▶ EXERCISE REQUIREMENTS: Write out, word for word, every line in the data below from the one containing "Not at my most chipper today." to the one containing "Blue Valley Cabinets", both of them included.
Segment Start: DATA FOR THE TASK
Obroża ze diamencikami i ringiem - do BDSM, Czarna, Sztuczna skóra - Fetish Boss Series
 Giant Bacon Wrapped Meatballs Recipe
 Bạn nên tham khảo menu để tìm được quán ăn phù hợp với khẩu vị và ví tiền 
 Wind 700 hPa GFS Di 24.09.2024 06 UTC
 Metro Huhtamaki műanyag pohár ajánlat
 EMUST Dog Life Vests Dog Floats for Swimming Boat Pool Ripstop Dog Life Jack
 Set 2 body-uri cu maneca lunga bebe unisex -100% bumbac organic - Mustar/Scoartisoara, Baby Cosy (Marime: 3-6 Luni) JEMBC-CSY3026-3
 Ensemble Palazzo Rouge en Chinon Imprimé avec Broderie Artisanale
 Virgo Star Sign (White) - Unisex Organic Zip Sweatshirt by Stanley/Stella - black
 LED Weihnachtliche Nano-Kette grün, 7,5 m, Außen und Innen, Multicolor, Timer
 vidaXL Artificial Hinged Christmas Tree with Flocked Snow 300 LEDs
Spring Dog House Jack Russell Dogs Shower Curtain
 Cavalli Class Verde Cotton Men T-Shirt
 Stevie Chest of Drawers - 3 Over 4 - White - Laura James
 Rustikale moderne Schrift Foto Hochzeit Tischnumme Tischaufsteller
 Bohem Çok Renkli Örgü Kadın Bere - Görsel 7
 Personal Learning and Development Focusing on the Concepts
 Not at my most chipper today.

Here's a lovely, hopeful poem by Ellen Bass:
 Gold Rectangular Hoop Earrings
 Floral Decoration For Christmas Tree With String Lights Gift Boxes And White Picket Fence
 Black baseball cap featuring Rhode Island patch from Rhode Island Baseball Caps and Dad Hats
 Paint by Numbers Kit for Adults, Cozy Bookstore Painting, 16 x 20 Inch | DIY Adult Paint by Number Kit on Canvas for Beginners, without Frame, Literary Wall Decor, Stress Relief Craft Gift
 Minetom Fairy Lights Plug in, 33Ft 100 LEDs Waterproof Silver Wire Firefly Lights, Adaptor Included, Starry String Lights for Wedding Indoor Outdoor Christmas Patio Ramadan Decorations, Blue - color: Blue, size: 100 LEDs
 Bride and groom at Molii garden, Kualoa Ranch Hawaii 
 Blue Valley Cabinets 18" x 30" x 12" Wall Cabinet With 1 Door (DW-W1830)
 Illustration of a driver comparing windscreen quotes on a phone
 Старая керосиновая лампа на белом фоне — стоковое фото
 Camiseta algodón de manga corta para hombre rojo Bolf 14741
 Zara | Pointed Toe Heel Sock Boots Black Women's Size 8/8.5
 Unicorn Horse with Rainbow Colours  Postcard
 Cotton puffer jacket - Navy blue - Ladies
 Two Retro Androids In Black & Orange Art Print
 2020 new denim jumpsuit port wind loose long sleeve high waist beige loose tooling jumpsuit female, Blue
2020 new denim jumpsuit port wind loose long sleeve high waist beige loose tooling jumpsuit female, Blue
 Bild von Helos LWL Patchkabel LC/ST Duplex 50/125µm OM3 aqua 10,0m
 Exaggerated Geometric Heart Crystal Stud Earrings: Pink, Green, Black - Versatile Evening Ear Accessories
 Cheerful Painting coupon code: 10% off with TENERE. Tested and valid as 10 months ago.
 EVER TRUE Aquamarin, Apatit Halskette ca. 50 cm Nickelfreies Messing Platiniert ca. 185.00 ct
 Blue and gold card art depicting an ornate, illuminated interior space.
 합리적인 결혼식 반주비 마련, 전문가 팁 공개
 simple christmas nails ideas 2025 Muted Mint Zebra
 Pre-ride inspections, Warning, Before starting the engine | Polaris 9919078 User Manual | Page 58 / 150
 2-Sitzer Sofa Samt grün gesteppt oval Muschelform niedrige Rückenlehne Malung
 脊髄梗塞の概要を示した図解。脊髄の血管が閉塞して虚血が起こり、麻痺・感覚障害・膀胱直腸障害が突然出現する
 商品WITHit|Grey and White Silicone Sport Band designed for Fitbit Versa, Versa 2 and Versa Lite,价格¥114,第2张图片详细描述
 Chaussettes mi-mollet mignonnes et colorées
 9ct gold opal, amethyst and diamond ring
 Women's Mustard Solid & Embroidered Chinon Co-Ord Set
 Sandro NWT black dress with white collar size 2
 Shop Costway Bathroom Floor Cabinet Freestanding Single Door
Segment End: DATA FOR THE TASK
▶ RESPONSE AREA:
 Not at my most chipper today.

Here's a lovely, hopeful poem by Ellen Bass:
 Gold Rectangular Hoop Earrings
 Floral Decoration For Christmas Tree With String Lights Gift Boxes And White Picket Fence
 Black baseball cap featuring Rhode Island patch from Rhode Island Baseball Caps and Dad Hats
 Paint by Numbers Kit for Adults, Cozy Bookstore Painting, 16 x 20 Inch | DIY Adult Paint by Number Kit on Canvas for Beginners, without Frame, Literary Wall Decor, Stress Relief Craft Gift
 Minetom Fairy Lights Plug in, 33Ft 100 LEDs Waterproof Silver Wire Firefly Lights, Adaptor Included, Starry String Lights for Wedding Indoor Outdoor Christmas Patio Ramadan Decorations, Blue - color: Blue, size: 100 LEDs
 Bride and groom at Molii garden, Kualoa Ranch Hawaii 
 Blue Valley Cabinets 18" x 30" x 12" Wall Cabinet With 1 Door (DW-W1830)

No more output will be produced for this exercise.